QUESTION: Thank you, Ned. Moving to Russia, if you don’t mind, can you please confirm the reports that Russia handed an official note on suspension of New START to U.S.?
MR PRICE: Alex, I can confirm there has been an – the exchange of a diplomatic note between Russia and the United States. I think it is fair to say that what we have learned from that diplomatic note did not tell us anything we didn’t already know from the public statements that have emanated from Moscow.
Our position remains the same. Russia’s decision to unilaterally suspend its participation in New START – it is unfortunate, but more so it is irresponsible. It is the responsible thing to do for nuclear powers to engage in arms control, to engage in other tools of strategic stability that, throughout the height of the Cold War and since the dawn of the nuclear era, have prevented an exchange between nuclear powers. Russia is not better off in a world where the two largest nuclear powers are – no longer engage in bilateral arms control. And Russia’s willingness to promote instability and use irresponsible nuclear rhetoric endanger every nation on this planet.
Russia’s purported suspension of New START will, at the same time, not stop the United States from continuing to support Ukraine. We are doing precisely what we told President Putin and the Kremlin and the rest of the world that we would do should Moscow continue with its aggression last year. Mutual compliance with New START, we believe and we are confident, strengthens the security interests of the United States, our allies and partners, but also of Russia, the Russian people, and the rest of the world.
That is why we are working to preserve the treaty. We continue to urge Moscow to resume full compliance with the treaty. Even as we explore our next steps, we are demonstrating that responsible leadership that we think ought to be replicated in Moscow. We remain in full compliance with the treaty, including New START’s numerical limits, and we’re examining exactly what impact this purported suspension will have on the state of the treaty. But how Russia chooses to respond, how Russia chooses to proceed will help inform considerations of appropriate U.S. responses.
Regardless, we are going to continue to see to it that we are postured appropriately. And if we see Russia take steps that require any sort of change in our own nuclear posture or approach, we will make those adjustments as is appropriate.
QUESTION: I’m sure you have seen Sergei Ryabkov’s statement from this morning saying that they will not review their position on this unless the U.S. changes position on Ukraine. How did you read that?
MR PRICE: I’m not going to parse the Russian statement. I – Alex, I can only tell you that we are – we continue to be prepared to engage meaningfully with Russia on arms control and on New START specifically. We want to work constructively with Russia on this; we believe it’s in our interests.

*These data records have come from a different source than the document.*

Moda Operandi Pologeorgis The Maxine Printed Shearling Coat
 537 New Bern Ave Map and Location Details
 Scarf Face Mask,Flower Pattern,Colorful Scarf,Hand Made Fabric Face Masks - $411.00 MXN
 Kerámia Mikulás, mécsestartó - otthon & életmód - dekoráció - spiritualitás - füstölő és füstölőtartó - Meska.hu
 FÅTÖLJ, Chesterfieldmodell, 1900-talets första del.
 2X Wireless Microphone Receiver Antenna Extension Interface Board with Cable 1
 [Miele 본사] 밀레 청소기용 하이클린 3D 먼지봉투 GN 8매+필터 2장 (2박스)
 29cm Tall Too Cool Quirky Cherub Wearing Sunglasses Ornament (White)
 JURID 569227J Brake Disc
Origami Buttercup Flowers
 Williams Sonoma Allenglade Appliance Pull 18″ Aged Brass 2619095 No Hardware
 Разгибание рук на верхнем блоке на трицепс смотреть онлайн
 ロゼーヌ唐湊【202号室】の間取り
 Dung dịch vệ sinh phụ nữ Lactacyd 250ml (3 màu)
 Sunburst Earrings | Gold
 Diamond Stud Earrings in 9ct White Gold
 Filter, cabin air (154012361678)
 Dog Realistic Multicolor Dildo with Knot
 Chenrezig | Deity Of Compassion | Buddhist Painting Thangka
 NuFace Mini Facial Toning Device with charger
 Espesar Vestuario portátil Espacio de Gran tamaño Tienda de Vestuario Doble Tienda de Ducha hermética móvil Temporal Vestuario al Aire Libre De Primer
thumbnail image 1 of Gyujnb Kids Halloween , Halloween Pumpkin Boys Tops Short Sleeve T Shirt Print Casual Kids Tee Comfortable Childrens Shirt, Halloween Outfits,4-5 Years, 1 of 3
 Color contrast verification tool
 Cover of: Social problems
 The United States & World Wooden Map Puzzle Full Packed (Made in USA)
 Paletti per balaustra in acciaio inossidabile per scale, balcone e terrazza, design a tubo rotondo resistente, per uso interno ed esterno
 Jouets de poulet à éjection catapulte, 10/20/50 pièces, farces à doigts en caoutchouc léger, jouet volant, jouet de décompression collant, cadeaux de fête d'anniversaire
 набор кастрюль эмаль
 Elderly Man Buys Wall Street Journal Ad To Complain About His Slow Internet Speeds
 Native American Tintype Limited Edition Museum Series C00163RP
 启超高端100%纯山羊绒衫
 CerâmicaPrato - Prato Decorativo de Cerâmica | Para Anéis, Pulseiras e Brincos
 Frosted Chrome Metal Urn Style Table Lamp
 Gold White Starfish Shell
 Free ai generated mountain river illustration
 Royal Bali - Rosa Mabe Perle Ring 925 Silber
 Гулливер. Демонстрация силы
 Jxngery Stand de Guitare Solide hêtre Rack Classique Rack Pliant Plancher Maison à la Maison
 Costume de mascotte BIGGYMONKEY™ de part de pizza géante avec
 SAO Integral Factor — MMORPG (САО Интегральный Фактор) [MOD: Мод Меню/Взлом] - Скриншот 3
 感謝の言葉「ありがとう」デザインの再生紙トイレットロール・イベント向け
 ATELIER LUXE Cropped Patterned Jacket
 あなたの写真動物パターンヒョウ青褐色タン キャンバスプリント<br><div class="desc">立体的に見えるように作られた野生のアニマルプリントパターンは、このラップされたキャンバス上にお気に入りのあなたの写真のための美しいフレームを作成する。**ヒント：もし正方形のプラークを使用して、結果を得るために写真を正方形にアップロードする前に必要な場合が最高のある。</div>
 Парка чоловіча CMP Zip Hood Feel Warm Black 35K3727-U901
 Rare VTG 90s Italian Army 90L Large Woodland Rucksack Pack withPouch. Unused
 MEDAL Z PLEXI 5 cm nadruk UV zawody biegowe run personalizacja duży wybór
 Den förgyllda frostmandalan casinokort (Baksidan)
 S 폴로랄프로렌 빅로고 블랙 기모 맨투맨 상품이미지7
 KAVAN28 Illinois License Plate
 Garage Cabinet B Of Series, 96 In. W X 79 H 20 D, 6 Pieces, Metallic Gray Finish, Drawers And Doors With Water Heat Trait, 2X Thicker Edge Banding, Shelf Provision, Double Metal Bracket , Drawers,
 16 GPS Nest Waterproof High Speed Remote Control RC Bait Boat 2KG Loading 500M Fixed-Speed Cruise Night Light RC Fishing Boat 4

We also believe it’s the responsible thing to do. It’s the responsible thing to do for the American people. It’s the responsible thing to do for the Russian people. It is the responsible thing to do for people around the world. Just as we were last year when we were set to meet with representatives of the Russian Federation in Cairo, we remain ready to meet in the Bilateral Consultative Commission to discuss U.S. and Russian concerns related to compliance with the treaty and to discuss all other issues related to implementation of this treaty. We believe it is that important.
QUESTION: Thank you, Ned. I have two questions. Regarding Russia, South Korea has expanded export sanctions to Russia. Meanwhile, Russia warned South Korea about the threat to peace on the Korean Peninsula. Can this be seen as meaning that peace on the Korean Peninsula depends on Russia?
MR PRICE: I think principally peace on the Korean Peninsula is under the purview of the countries on the Korean Peninsula. This is principally a matter between the ROK and the DPRK. Of course, the ROK is a treaty ally of ours. We have a steadfast commitment to the security of the Republic of Korea, of our other treaty ally that is consistently threatened by the DPRK – Japan. We are going to stand by those commitments in the face of the DPRK’s continued provocations, its testing of ICBM systems, its launches of ballistic missiles, its other malign and provocative activities. You have seen us in word and in deed underscore the commitment we have to our South Korean allies, to our Japanese allies, even as we have also underscored our willingness and our readiness to engage in serious dialogue and diplomacy.
It is the DPRK that has consistently turned down those offers; it has consistently failed to pursue the outstretched hand that we have extended. It is the DPRK that has consistently ignored our very simple statement that we harbor no hostile intent towards the DPRK. Our only intent is to find ways to meaningfully advance what is our ultimate policy goal, and that’s the denuclearization of the Korean Peninsula.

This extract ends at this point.